Hello @Deathcalibur and thank you for your tutorial. I followed the 5.4 version and it worked perfectly until I turned on my PC and opened the project again the next day The cars didn’t move anymore and in the Output Log I got the error:
That’s odd. I would navigate to that folder and see if the python exe is there. If it’s not, then I would close the editor and re-open it. The editor runs python installation scripts during startup, and it’s possible they failed for whatever reason.
If you close and open the editor, it should fix itself. If it doesn’t, then try deleting the Intermediate directory’s contents after closing the editor, and then open the editor again.
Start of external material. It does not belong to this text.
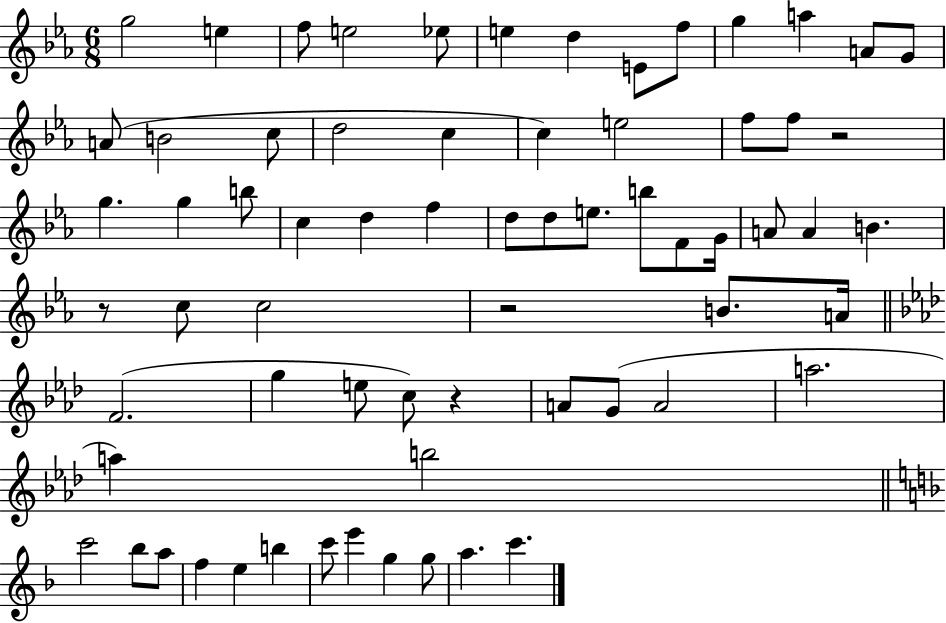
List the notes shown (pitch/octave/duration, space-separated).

G5/h E5/q F5/e E5/h Eb5/e E5/q D5/q E4/e F5/e G5/q A5/q A4/e G4/e A4/e B4/h C5/e D5/h C5/q C5/q E5/h F5/e F5/e R/h G5/q. G5/q B5/e C5/q D5/q F5/q D5/e D5/e E5/e. B5/e F4/e G4/s A4/e A4/q B4/q. R/e C5/e C5/h R/h B4/e. A4/s F4/h. G5/q E5/e C5/e R/q A4/e G4/e A4/h A5/h. A5/q B5/h C6/h Bb5/e A5/e F5/q E5/q B5/q C6/e E6/q G5/q G5/e A5/q. C6/q.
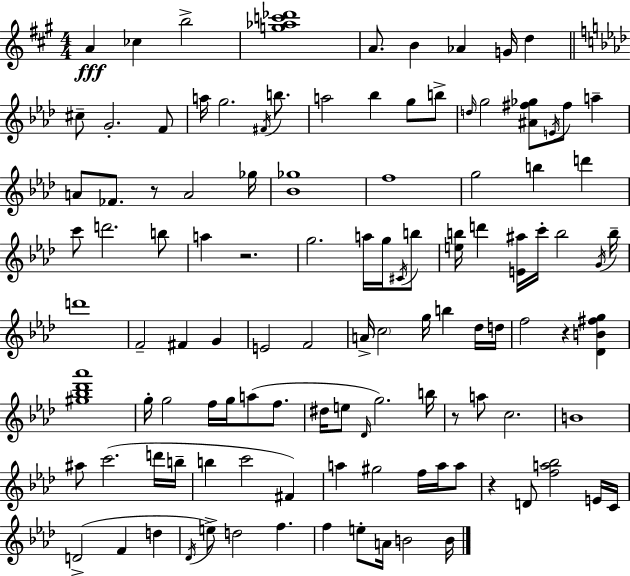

In the future, we are hoping we can put a UI on the python installation process, but it’s not clear when or even if that will be able to come.
It looks like shared_memory_recv_experience_multiprocess is getting hung up here waiting for these controls:
for controls in processes_controls:
while not controls[UE_SHARED_MEMORY_EXPERIENCE_SIGNAL]:
if controls[UE_SHARED_MEMORY_STOP_SIGNAL]:
controls[UE_SHARED_MEMORY_STOP_SIGNAL] = 0
return UE_RESPONSE_STOPPED, None, None
print("Sleeping")
time.sleep(0.001)
print("Moving On")
I see it print sleeping until the process stops, and it never moves on. Any idea why the controls don’t have the shared memory experience signal to move on?
Each of the worker processes (UE game process) will write a “1” to the shared memory in the appropriate index when they are done writing experience to the shared mem. So there must be something going on with UE where it’s not writing the data appropriately. I would check the logs on the UE side and step through to see what is going on over there.